Motivado quizá por la inminente publicación de mi primera novela, retomé la escritura de lo que será la segunda, dejada en stand by durante largo tiempo. Vuelvo a levantarme temprano por la mañana, a esas horas en que me siento más productivo, y donde la casa, sumida aún en el silencio, me recibe tranquila, y me ve trabajar en la mesa redonda de la cocina (de plástico, provisoria), moviendo los dedos sobre la netbook, y tomando algún mate de vez en cuando para acabar de despertarme.
Los primeros días fueron de lectura. Debía recuperar el hilo de lo ya contado: no sólo historias y personajes tendrían que volver a mi memoria, sino también el tono de la narración, que no es uno en este caso, sino dos.

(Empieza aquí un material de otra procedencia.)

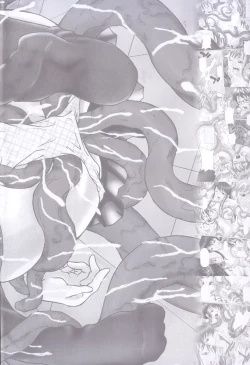 Page 7 of Injyu Prant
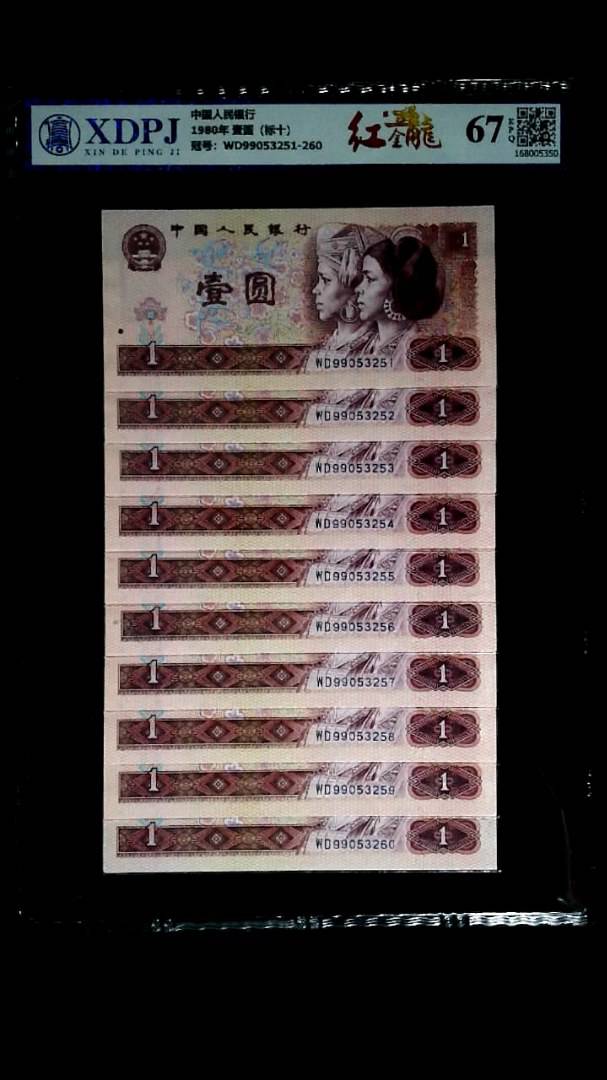 1980年 壹圆（标十）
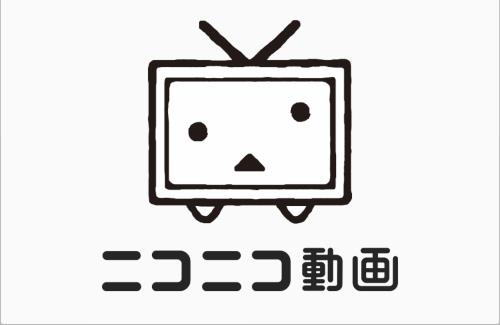 【悲報】ニコニコ動画、ユーザー数が全盛期から半減・・・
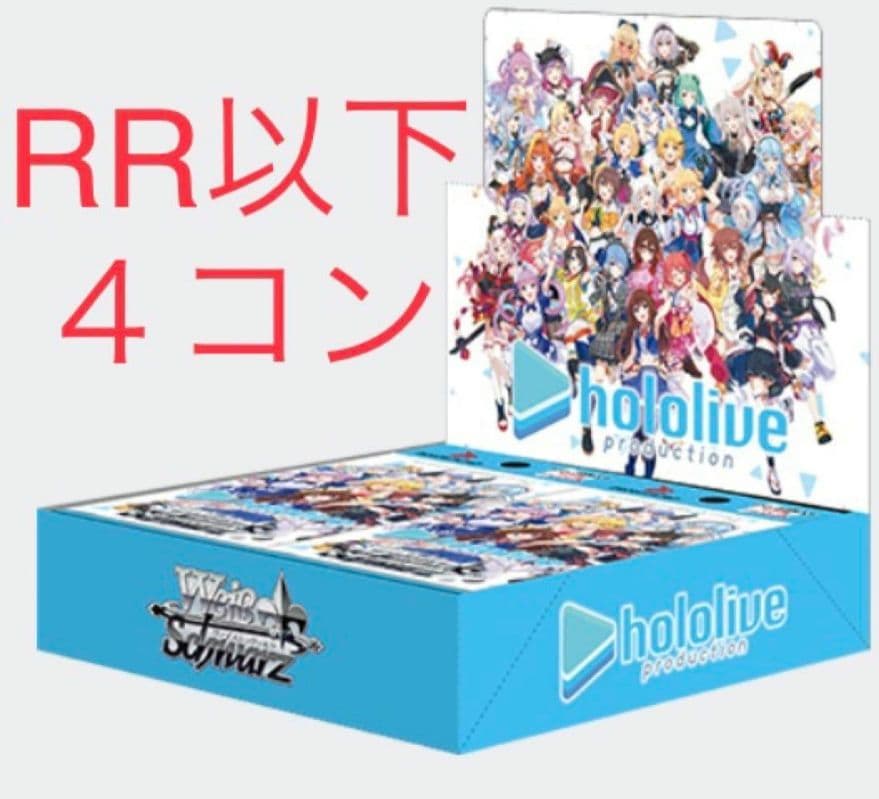 ホロライブ 4コン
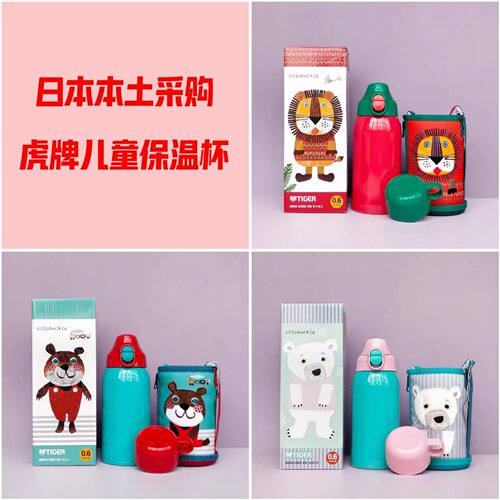 儿童保温保冷杯不锈钢虎牌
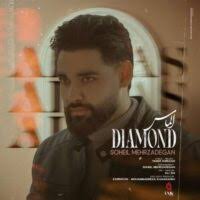 دانلود آهنگ Saeid Jafari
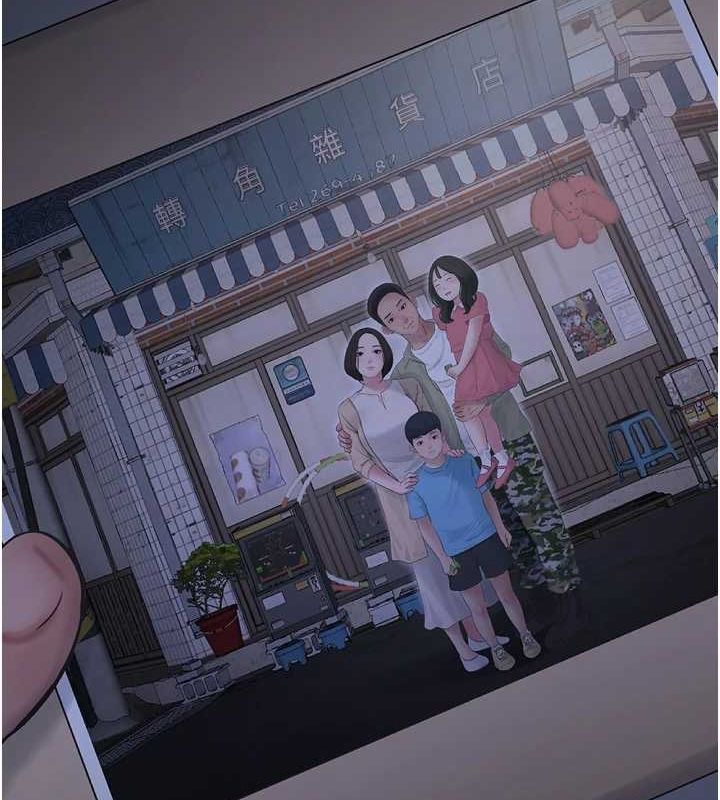 水电工日誌第81話-我等你很久了&hearts;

Dos tonos para dos historias que se desarrollan en paralelo, y que prometen cruzarse de manera trágica, no sin antes mantener cierto suspenso que intentará hacerlas interesantes.
Un muchacho nacido y crecido en un barrio marginal, por un lado, arrojado por las circunstancias, y por las propias decisiones, a la delincuencia. Unas familias de clase media, por otro, atravesadas sus vidas por ciertos hechos inesperados, como puede ser un embarazo a edades tempranas para el ámbito en que se desarrollan.
La técnica de escritura es similar a la de la novela anterior: los personajes recuerdan desde diferentes lugares del tiempo, los sucesos aparecen de manera desordenada, y se van uniendo, poco a poco, para dar coherencia al relato final.
Me siento bien ahora. Escribir me hace sentir bien. Estoy bajo el influjo de la emoción creadora, cuyos resultados podrán ser mejores o peores, pero que siempre es agradecida por el cuerpo. Se los aseguro.